▶ [WHAT IS NEEDED]: Give again, unaltered, the line with "Used ARCFOX Alpha" and all lines that follow it in the listing below, minus any pictures.

-=-=-=-=-

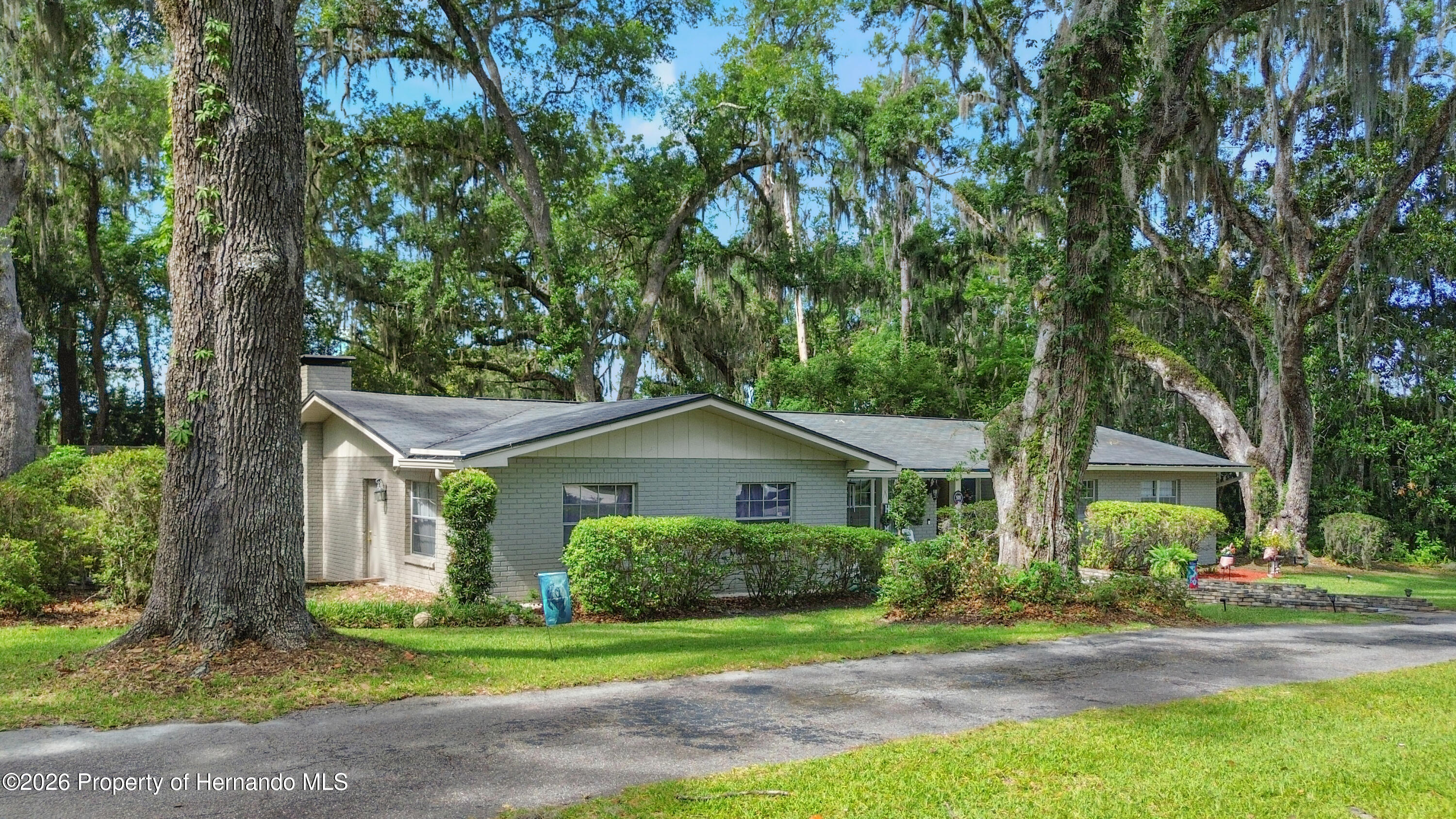 509 Colonial Drive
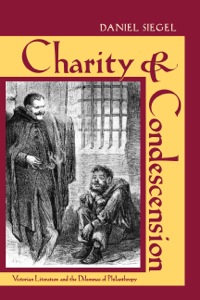 表紙画像: Charity and Condescension 1st edition 9780821419915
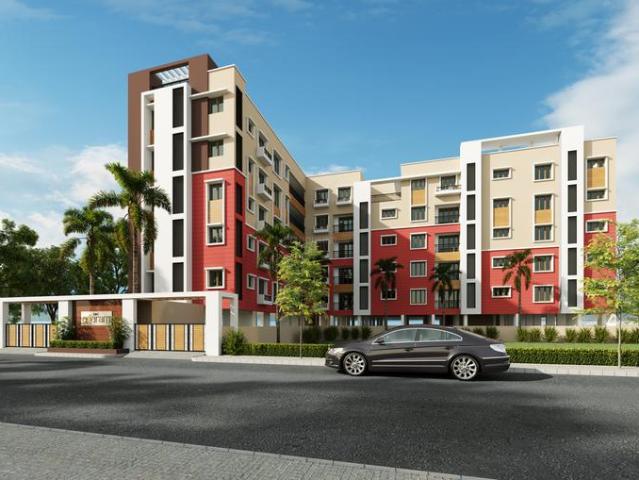 Flat for sale in Tamil Nadu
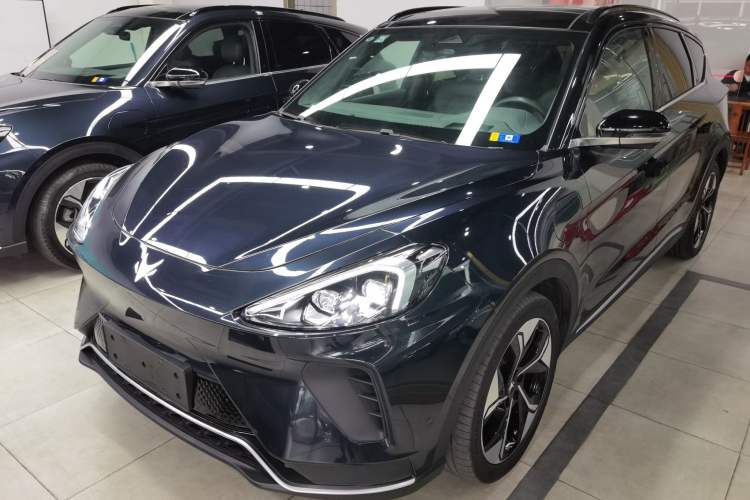 Used ARCFOX Alpha T 2023 688E+ Forest Edition 160kW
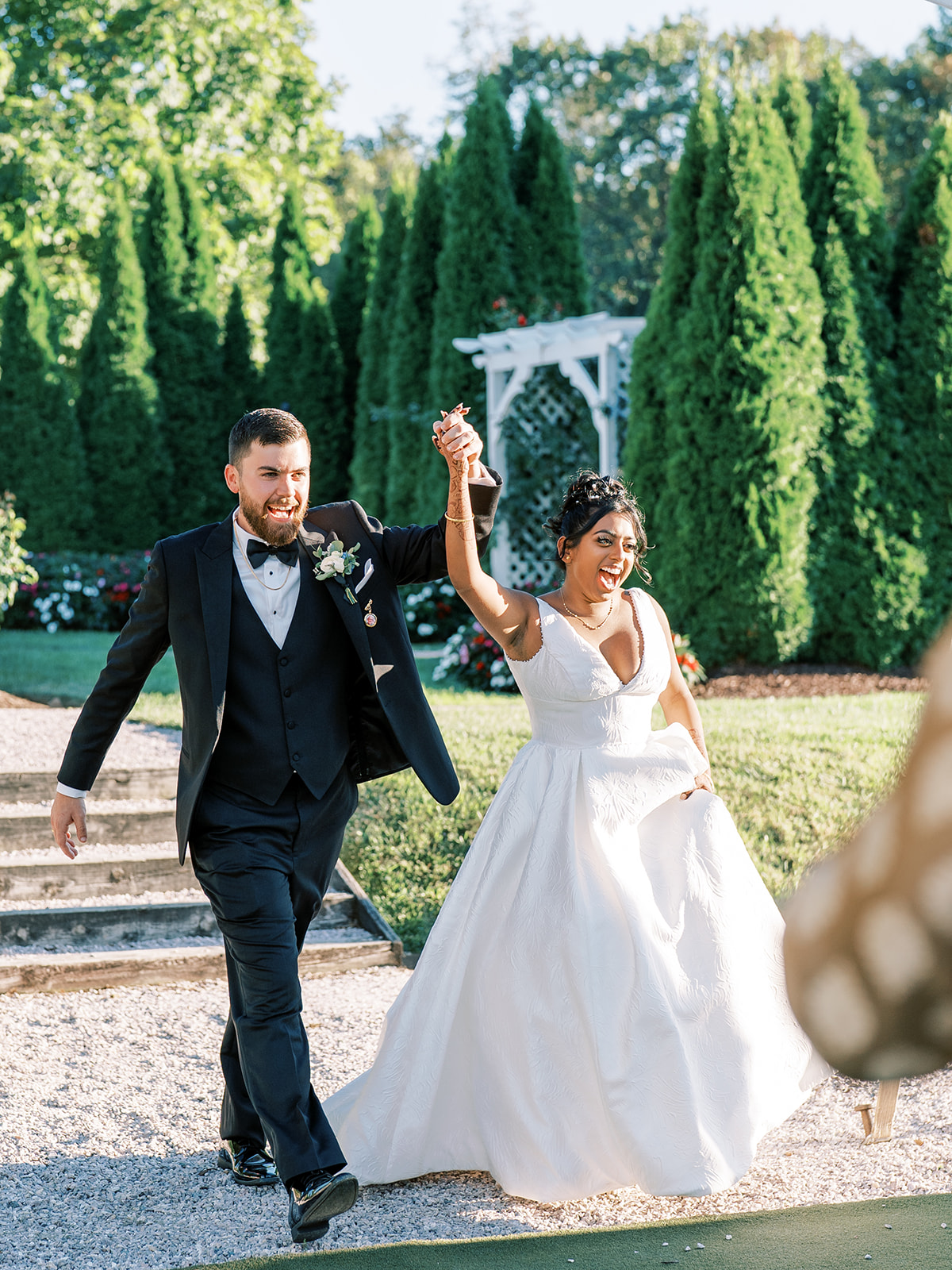 Asha and Chandler- Saturday at Antrim 1844 Asha and Chandler- Saturday at Antrim 1844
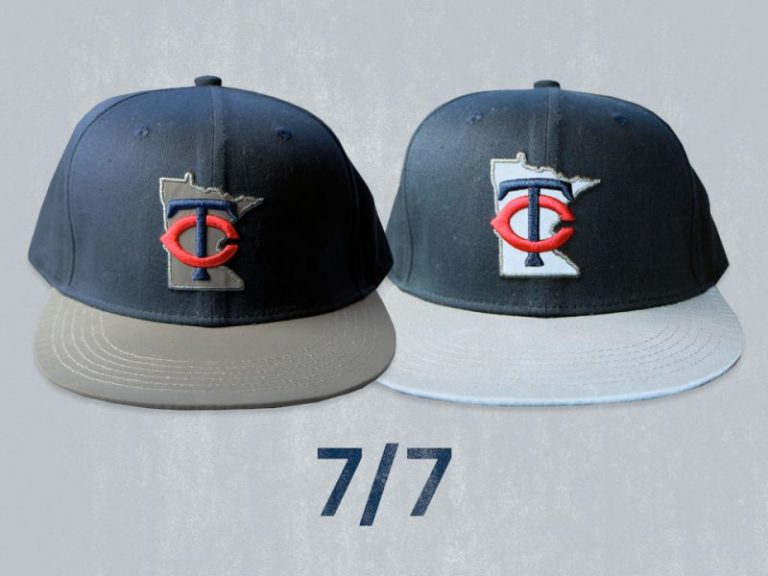 July 7, 2018 Minnesota Twins – Twins “Flash” Cap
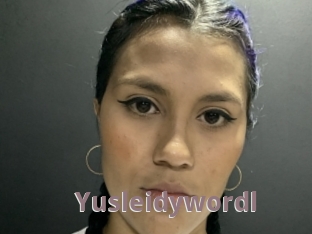 Yusleidywordl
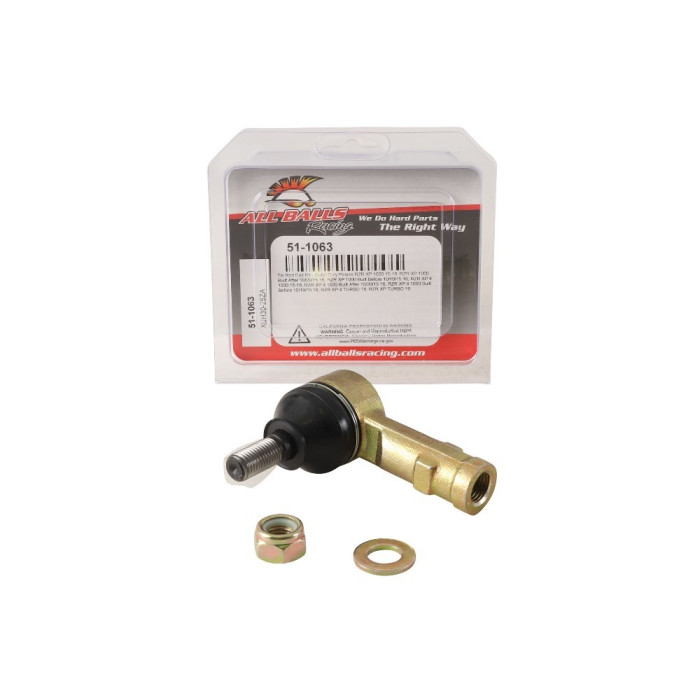 ALL BALLS steering tie rod repair kit (outer) POLARIS RZR 1000 / XP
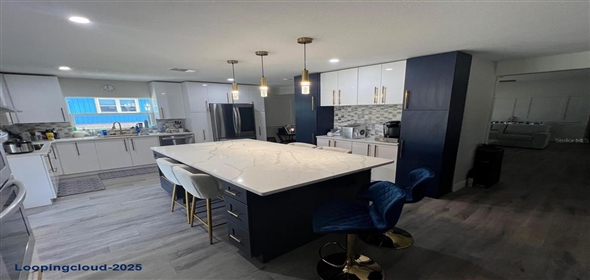 11223 COUNTY ROAD 223 Oxford Florida, 34484 | Single Family Residence 3 Bedrooms 2244SqFt at OXFORD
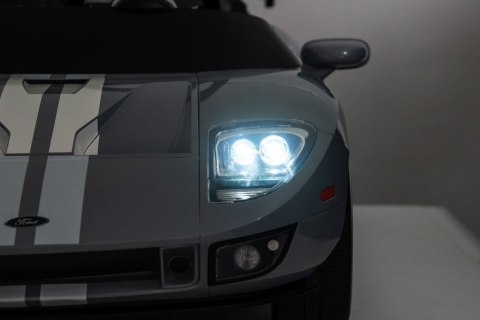 Pojazd Ford GT Szary
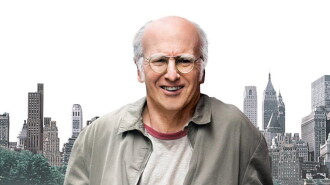 Whatever Works Trailer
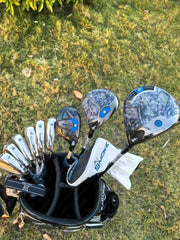 Callaway SMOKE UT Hybrid Club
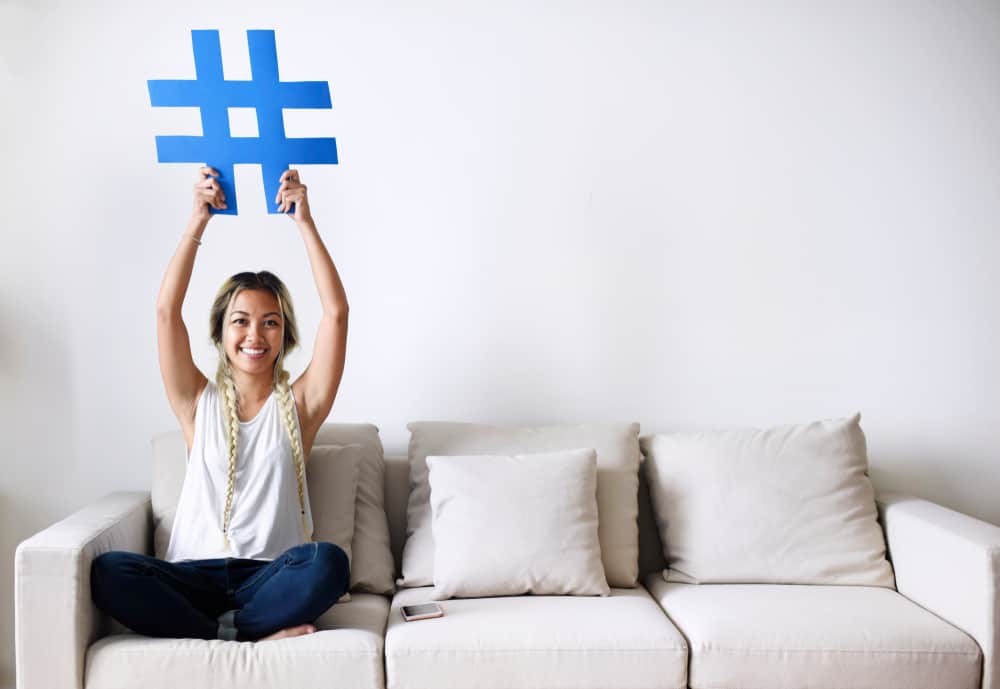 Cómo buscar varias etiquetas en Instagram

-=-=-=-=-

▶ [SOLUTION]:
 Used ARCFOX Alpha T 2023 688E+ Forest Edition 160kW
 Asha and Chandler- Saturday at Antrim 1844 Asha and Chandler- Saturday at Antrim 1844
 July 7, 2018 Minnesota Twins – Twins “Flash” Cap
 Yusleidywordl
 ALL BALLS steering tie rod repair kit (outer) POLARIS RZR 1000 / XP
 11223 COUNTY ROAD 223 Oxford Florida, 34484 | Single Family Residence 3 Bedrooms 2244SqFt at OXFORD
 Pojazd Ford GT Szary
 Whatever Works Trailer
 Callaway SMOKE UT Hybrid Club
 Cómo buscar varias etiquetas en Instagram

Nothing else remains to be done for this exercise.